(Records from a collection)
== == ==

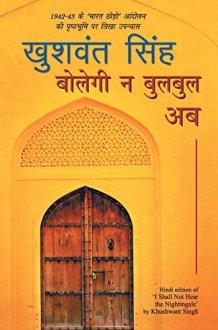 Bolegi Na Bulbul Ab cover image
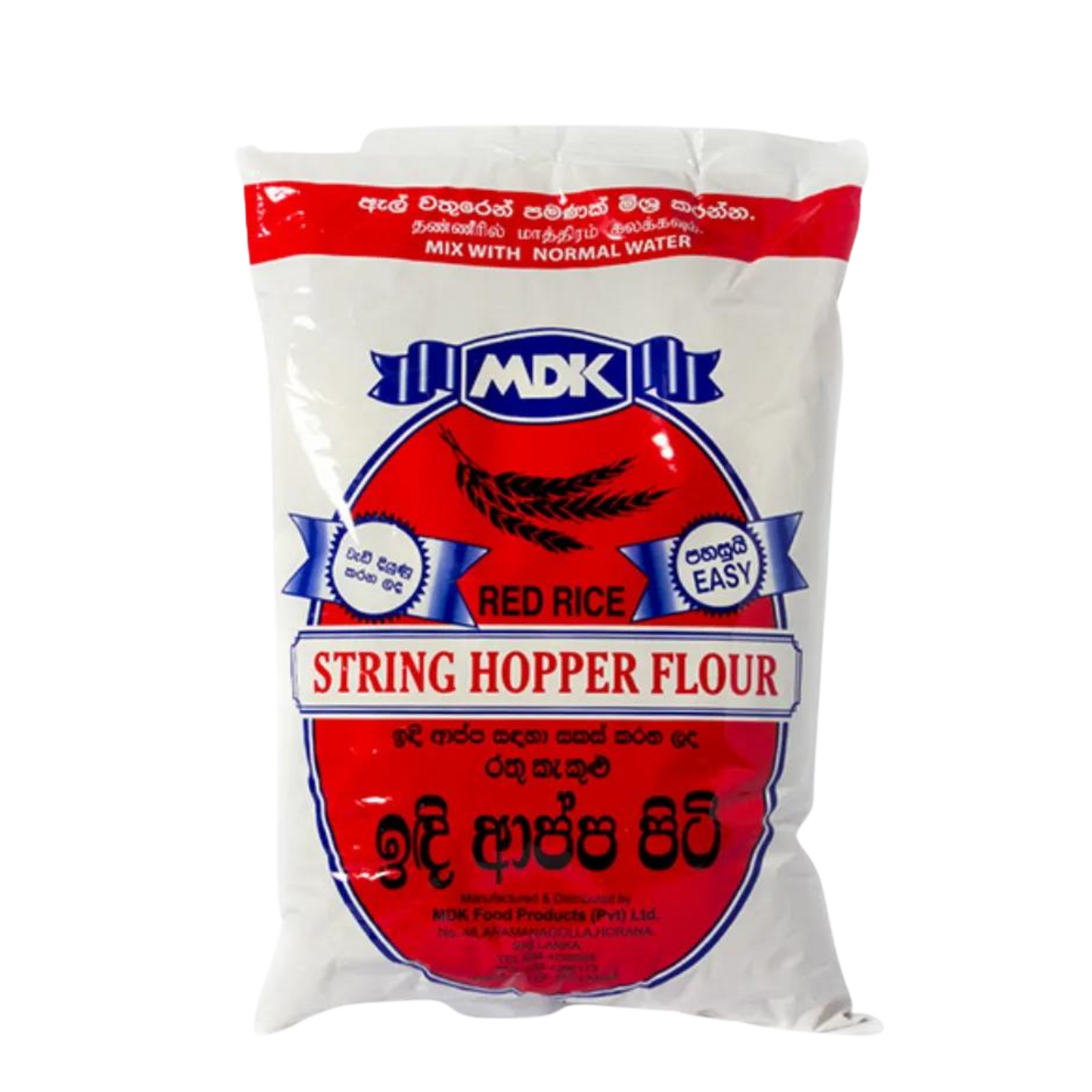 MDK Red String Hopper Flour - 700G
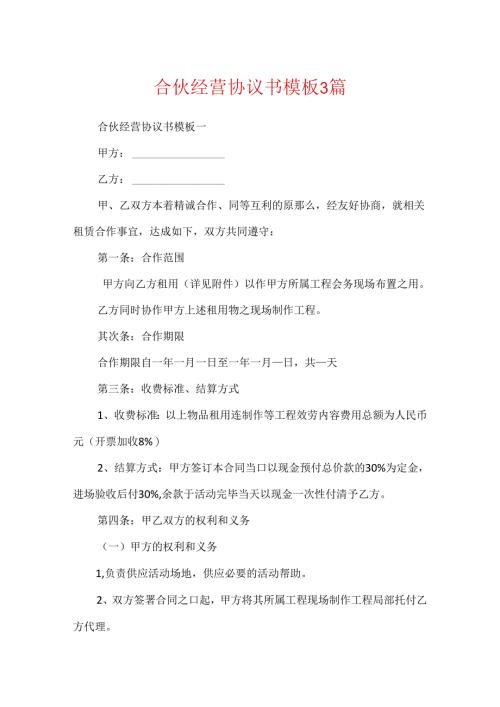 合伙经营协议书模板3篇.docx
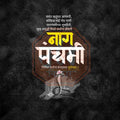 Nagpanchami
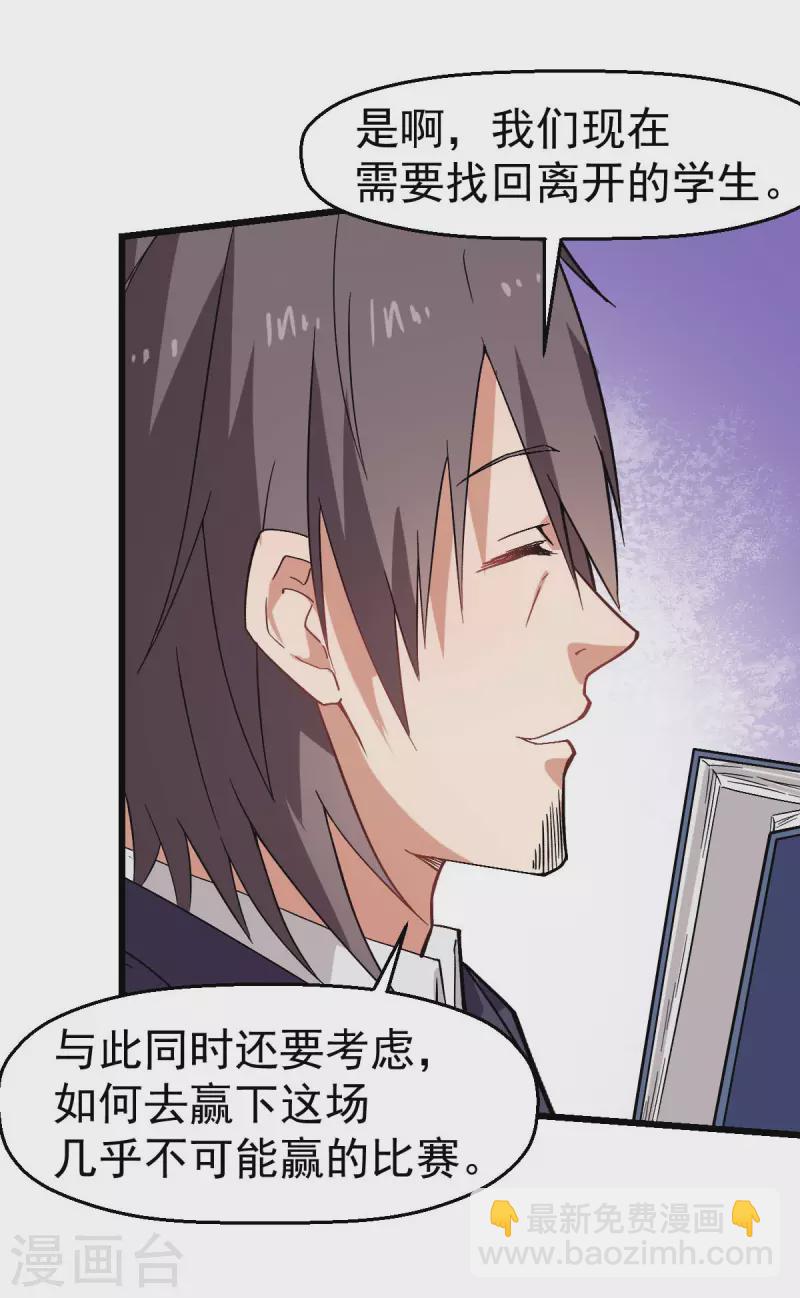 第135话 奶奶出山-第137话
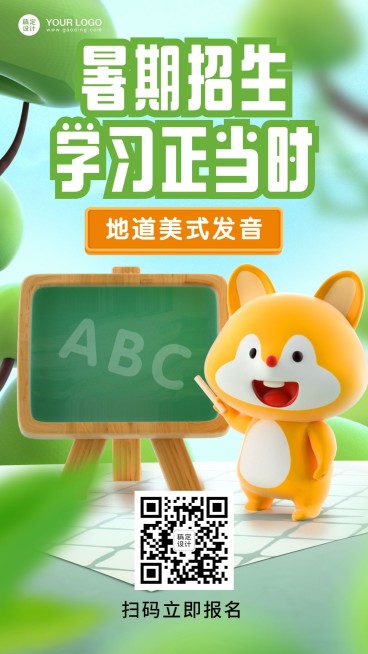 暑期招生少儿英语培训海报预览效果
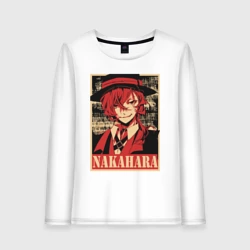 Женский лонгслив хлопок Nakahara плакат пошерканный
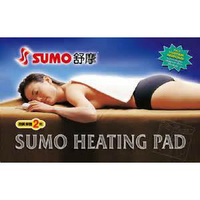 SUMO舒摩熱敷墊YL-073(20x20吋)(肩部)濕熱電毯YL073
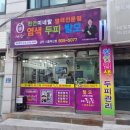 큐사랑금천 이미지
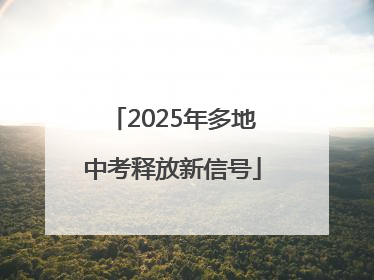 2025年多地中考释放新信号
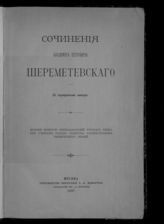 Шереметевский В. П. Сочинения Владимира Петровича Шереметевского. - М., 1897.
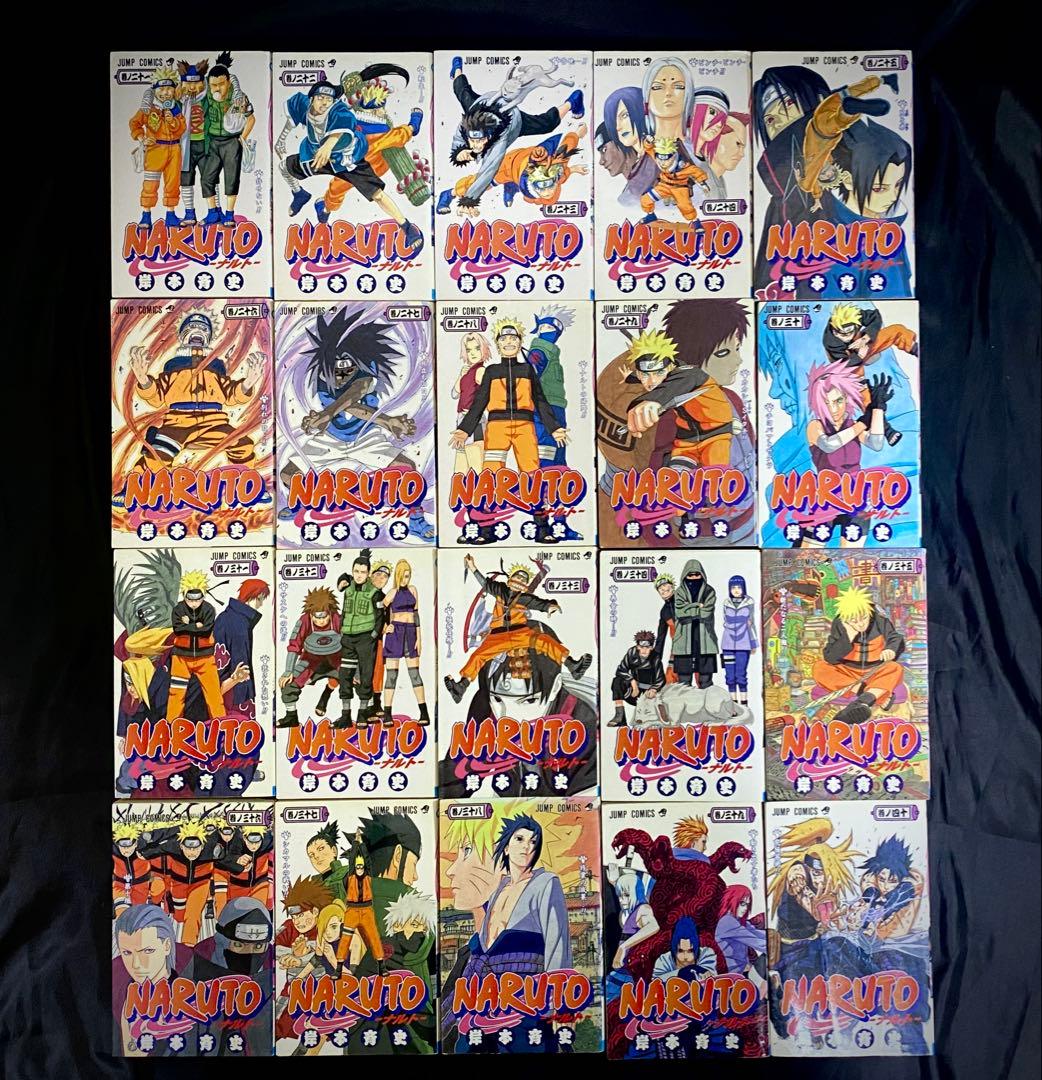 NARUTO ナルト　全巻セット（1〜72巻）＋関連本7冊　計80冊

== == ==

## ACTION ITEM
Please reproduce every entry above exactly, but leave out the pictures.

## TASK RESULT
 Bolegi Na Bulbul Ab cover image
 MDK Red String Hopper Flour - 700G
 合伙经营协议书模板3篇.docx
 Nagpanchami
 第135话 奶奶出山-第137话
 暑期招生少儿英语培训海报预览效果
 Женский лонгслив хлопок Nakahara плакат пошерканный
 SUMO舒摩熱敷墊YL-073(20x20吋)(肩部)濕熱電毯YL073
 큐사랑금천 이미지
 2025年多地中考释放新信号
 Шереметевский В. П. Сочинения Владимира Петровича Шереметевского. - М., 1897.
 NARUTO ナルト　全巻セット（1〜72巻）＋関連本7冊　計80冊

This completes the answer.